AMENDMENT NO. 1 TO AMENDED AND RESTATED COOPERATION AGREEMENT
This AMENDMENT NO. 1 TO THE AMENDED AND RESTATED COOPERATION AGREEMENT (this “Amendment”) is dated as of October 10, 2018 (the “Effective Date”) and amends the Cooperation Agreement, dated as of August 11, 2017 (the “Cooperation Agreement”), by and among Fred’s, Inc., a Tennessee corporation (the “Company”), on the one hand, and Alden Global Capital LLC, a Delaware limited liability company, Strategic Investment Opportunities LLC, a Delaware limited liability company, and Heath B. Freeman (collectively, “Alden”), on the other hand. The Company and Alden are each referred to herein as a “Party” and collectively, as the “Parties.” Capitalized terms used in this Amendment and not otherwise defined have the meaning given to them in the Cooperation Agreement.
WHEREAS, as of the Effective Date, Alden, including its Affiliates and Associates, Beneficially Owns, in the aggregate, 9,275,000 shares of the Company’s Common Stock; and
WHEREAS, Alden desires to purchase additional shares of Common Stock and in order to do so has requested that the Company’s board of directors (the “Board”): (i) pursuant to Section 25 of the Amended & Restated Rights Agreement, dated as of September 18, 2017, (the “Rights Agreement”), by and between the Company and American Stock Transfer & Trust Company, LLC, as rights agent, grant Alden an exemption with respect to a prospective acquisition by Alden of additional shares of Common Stock (the “Exemption Request”); and (ii) pursuant to Section 3 of the Cooperation Agreement, consent to Alden’s acquisition of such shares of Common Stock (the “Consent Request” and, together with the Exemption Request, the “Requests”); and
WHEREAS, the Requests, in the Board’s discretion, may be either granted or denied, in whole or in part, and may be subject to limitations or conditions (including a requirement that Alden agree that it will not acquire Beneficial Ownership of shares of Common Stock in excess of a maximum number and/or percentage of shares approved by the Board); and
WHEREAS, the Board, acting through a special committee of its members, has reviewed the Requests and believe that granting the Requests, upon the conditions set forth in this Amendment, is in the best interests of the Company;
NOW, THEREFORE, in consideration of the premises and the mutual agreements set forth herein, the Parties hereby agree as follows:
(a) Section 5(g) of the Cooperation Agreement is deleted in its entirety.
(b) Section 13(a) of the Cooperation Agreement is amended by deleting: (i) “March 1, 2019” where it appears and replacing it with “September 1, 2019”; and (ii) “2019 Annual Meeting” where it appears and replacing it with “2020 Annual Meeting”.
2. Consent and Exemption. Pursuant to Section 3 of the Cooperation Agreement, the Company hereby consents to Alden’s acquisition of no more than 3,725,000 additional shares of Common Stock, which would result in Alden owning no more than 13,000,000 shares of Common Stock (excluding shares of Common Stock issued to Heath B. Freeman as compensation for his services on the Board) (the “Alden Ownership Limit”).

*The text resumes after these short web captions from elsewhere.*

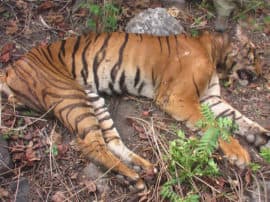 tiger found dead in jim corbett national park जिम कॉर्बेट नैशनल पार्क में मिला बाघ का शव, पोस्टमॉर्टम रिपोर्ट आने के बाद पता चलेगी सच्चाई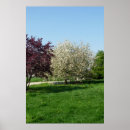 Recherche de beaux paysages posters Arbres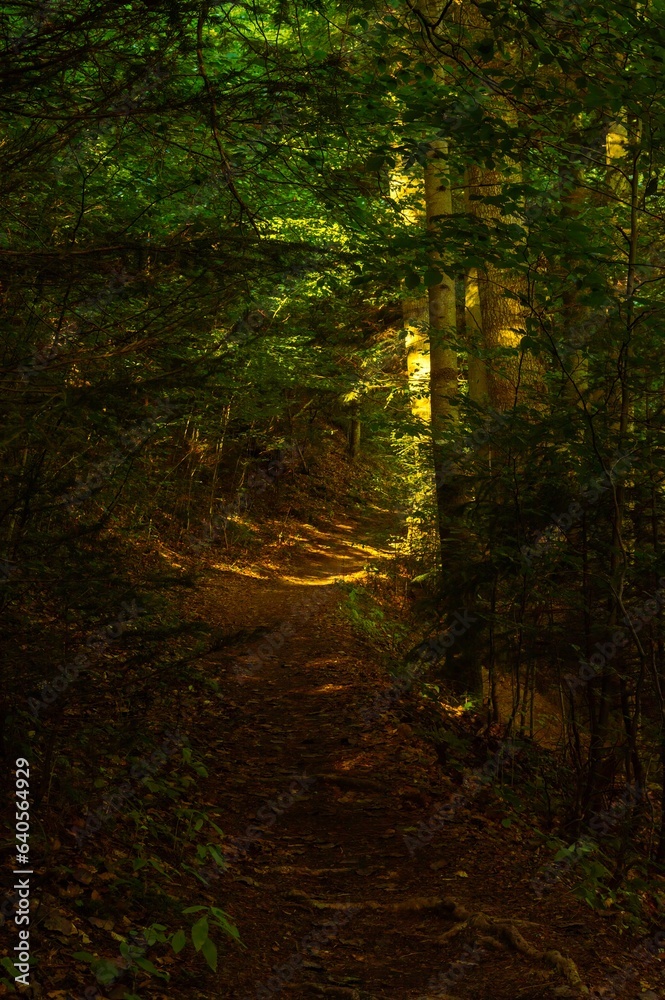 Path in the foggy forest Path in the foggy forest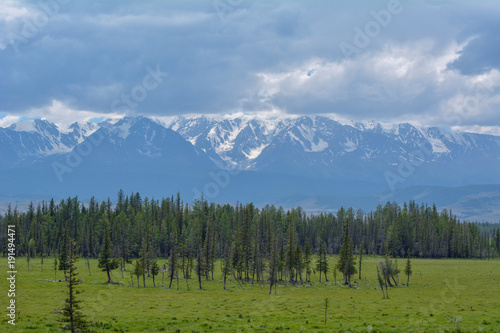 snowy mountains and coniferous forest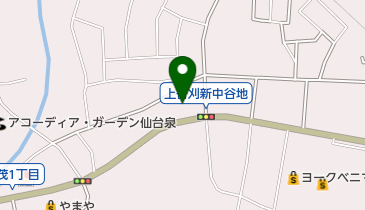 宮城トヨタ自動車カローラ泉中央の地図画像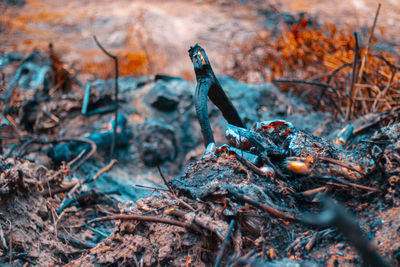 Close-up of lizard on land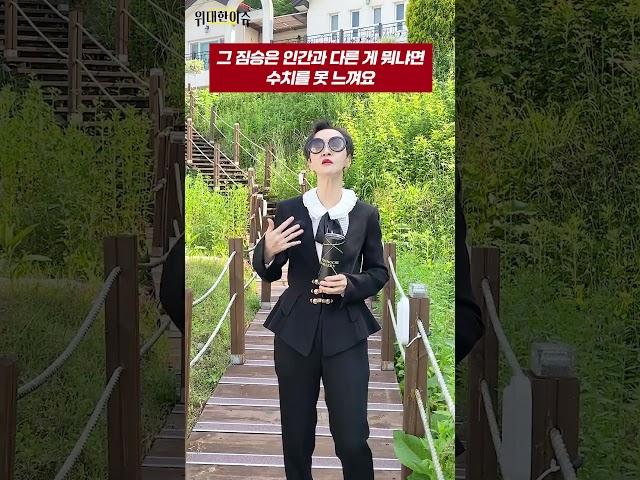 '#방탄 독재', '#젓가락', '#윤석열 아바타' 등 마지막 토론도 네거티브 난타전이었다는 비난 여론｜어떻게 보시나요? #이혜라 #shorts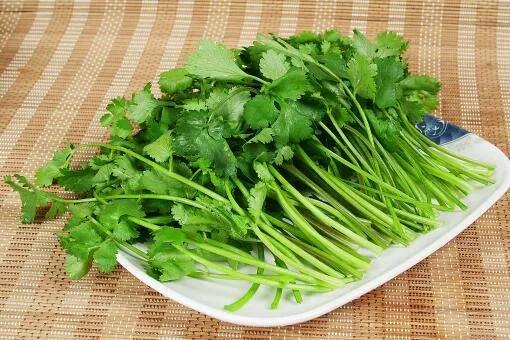 动态分析/解析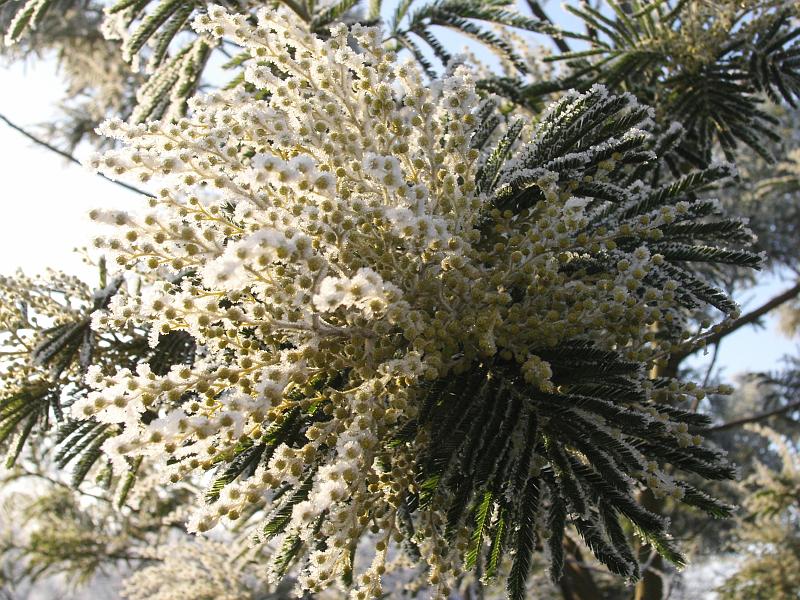 KIF_3260.JPG - Mimosa givré.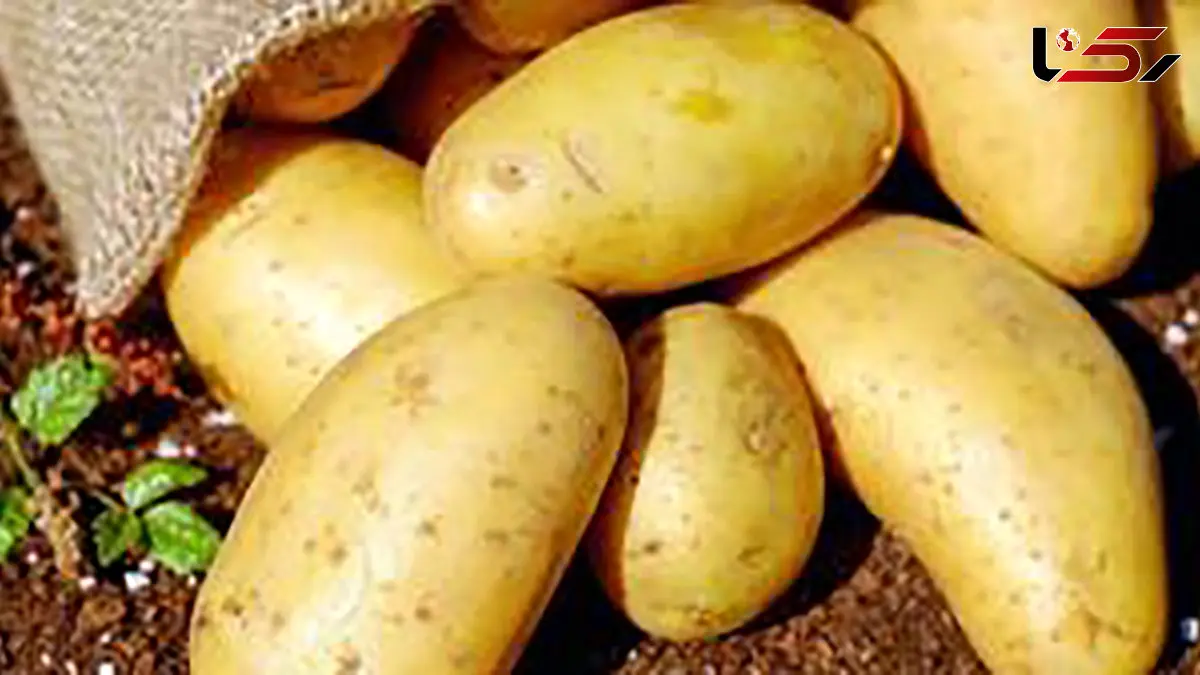 باورهای غلط درباره سیب زمینی + روش‌ های سالم پخت سیب زمینی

Pursuant to Section 25 of the Rights Agreement, the Company and the Board also hereby grant Alden an exemption under the Rights Agreement, the effect of which is to render Alden an “Exempt Person” (as that term is defined in the Rights Agreement), such exemption to remain in effect so long as the Beneficial Ownership of Common Stock by Alden and its Affiliates and Associates (excluding shares of Common Stock issued to Heath B. Freeman as compensation for his services on the Board) remains at or below the Alden Ownership Limit, and such exemption to be otherwise subject to the remaining terms and conditions of the Rights Agreement, including those set forth in Section 1.(y) of the Rights Agreement.
3. Press Release; Beginning of Purchases. As promptly as practicable following the execution of this Amendment, the Company shall issue a mutually agreeable press release (the “Press Release”) announcing the execution of and certain terms contained in this Agreement. Alden agrees that, pursuant to the Company’s trading policy, it will make no purchases of Common Stock: (a) until two (2) Business Days after the Press Release is issued to the public and, (b) thereafter, at any time when Alden is in possession of material non-public information regarding the Company (excluding shares of Common Stock issued to Heath B. Freeman as compensation for his services on the Board) subject to Alden’s having adopted a trading plan meeting the requirements of Exchange Act Rule 10b5-1(c) that would otherwise permit such purchases to be made).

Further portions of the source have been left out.